Morning Thanks

Garrison Keillor once said we'd all be better off if we all started the day by giving thanks for just one thing. I'll try.

Thursday, May 07, 2015

What's Fair?


Once long ago, a wise old man who grew up on the Rosebud Reservation told me how, when he was a boy a century past, he saw his people quite regularly take advantage of Brule Sioux who lived all around their farm. 

That story didn't come as a shock. He was born on the reservation because of the Dawes Act, which determined, basically, that doling out money or land would take the "savage" out of Native people (an old Anglo reference). What it did was simply allow white people--like his own parents--to buy what had been reservation land (land held "in reserve" for Native people).

The Sioux would come around, he said, because they were receiving "reparations" by way of treaty obligations--blankets, food stuffs, often things they didn't use or care to. They knew their white neighbors would pay for such things, and they preferred the cash. They'd sell, white folks would buy, and everyone would be happy. Still, often as not, Native folks took a beating, he told me (his people were Dutch Calvinists, by the way).

Now life on the Rosebud Reservation, circa 1890, was no picnic for red or white. The Great Plains is an unwelcoming taskmaster, land as flat and dry as a soda cracker. Hot, punishing winds can lay out a crop in a single afternoon. No one had it easy on the Rosebud back then. Everyone suffered. No white folks lived in the lap of luxury. There was no luxury. There wasn't even a lap. Everyone was dirt poor.

The difference between my old friend's family and their Brule Sioux neighbors had little to do with money or food, and everything to do with worldview, broadly speaking. The white folks had left the Netherlands, even Sioux County, Iowa, on a whim and a dream, taking new opportunities and hoping for a new life. Their visions were so huge that many could never reach them. They wanted to build a good life, and to that end they had immense faith in their God and his Son, who they believed loved them, often more exclusively than anybody else on the prairie, in fact.

Meanwhile, the Brule Sioux were devastated, their culture destroyed. When the buffalo were killed, they'd lost what they were, what they valued, and how they even made judgments about anything; the very nature of their faith was theirs no longer. They may have had some government-issue blankets and flour, but they were a people without a vision, a people whose past was destroyed, whose way of life was gone. 

When a bunch of Indians rode up to a hardscrabble white farmer on the Rosebud Reservation in 1890, everyone was hungry, everyone was suffering, everyone was spending their strength on sheer survival. 

The only difference was the Native people had free blankets and flour, or so white folks thought; and that wasn't fair. They couldn't help thinking that, I'm sure. That they did made
gouging the neighbors easy.

This week Harvard economists crunched the numbers in a way that makes a way of life in the neighborhood where I live, Sioux County, Iowa, seem almost dreamy--marriages last, schools teach, jobs are ever available. It's the kind of place poor kids can grow up with a shockingly good chance of staring down their own poverty in a rear-view mirror. A beautiful thing--it really is. We lead the nation. We actually do. The entire nation. 

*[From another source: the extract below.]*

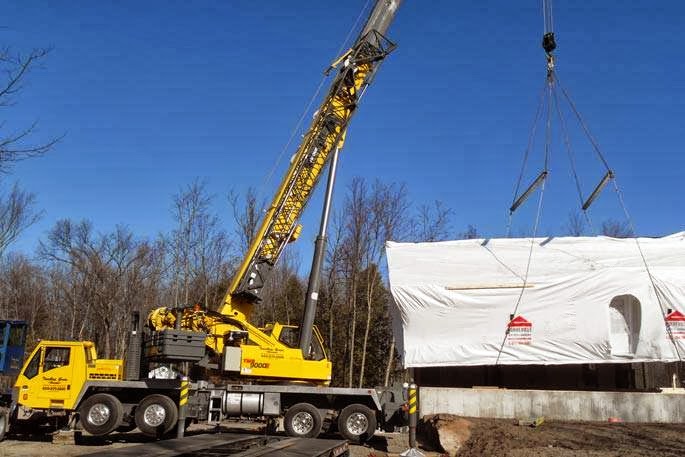 Tremblay Grues Service Inc | 85 Bd du Bord de lEau, Salaberry-de-Valleyfield, QC J6S 0A2, Canada | Phone: (450) 371-3881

But much of it is a gift, a legacy, a heritage. Opportunities are only partially what people earn. The moment one begins to believe that everyone else in the nation can have what we have if they simply live like we do, we make assumptions that aren't fair. Some of us have incredible reparations that go far beyond hard, cold cash.

What Raj Chetty and Nathaniel Hendren have determined about Sioux County, Iowa, helps me understand why the neighborhood is also so conservative. We work hard here, after all. We pledge ourselves to our families. When we see a problem, we lick it. 

So should you, dang it. 

We may well pride ourselves in our bootstraps, but we were never bootless. Never. Not even when we didn't have money.

Jesus may well have commended a child-like faith, but for me at least it takes superhuman strength I haven't got to admit it's eternally better to give than to receive and then to live that way. 

1 comment:

Dutchoven said...

Excellent series of blogs James, the NYT article fascinated me with its potential to teach us a little about ourselves- and it really pulls from a deep well! Take for instance this, take a look at the Power River Basin sourced here http://www.sourcewatch.org/index.php/Powder_River_Basin
Then look those counties up via the NYT article, southeastern Montana lands smack dab on that reserve of coal that provides nearly 40% of our electrical energy output in our nation along with the Northern Cheyenne Indian Reservation...it is second to Rosebud in despair, and ranks in the same neighborhood in the research article; perhaps World Renew could spend sometime in these areas, the folks who make up most of that organization come from those "blessed" counties in the NYT article and as your blog points out...however, perhaps we too are part of the problem...that has been demonstrated too.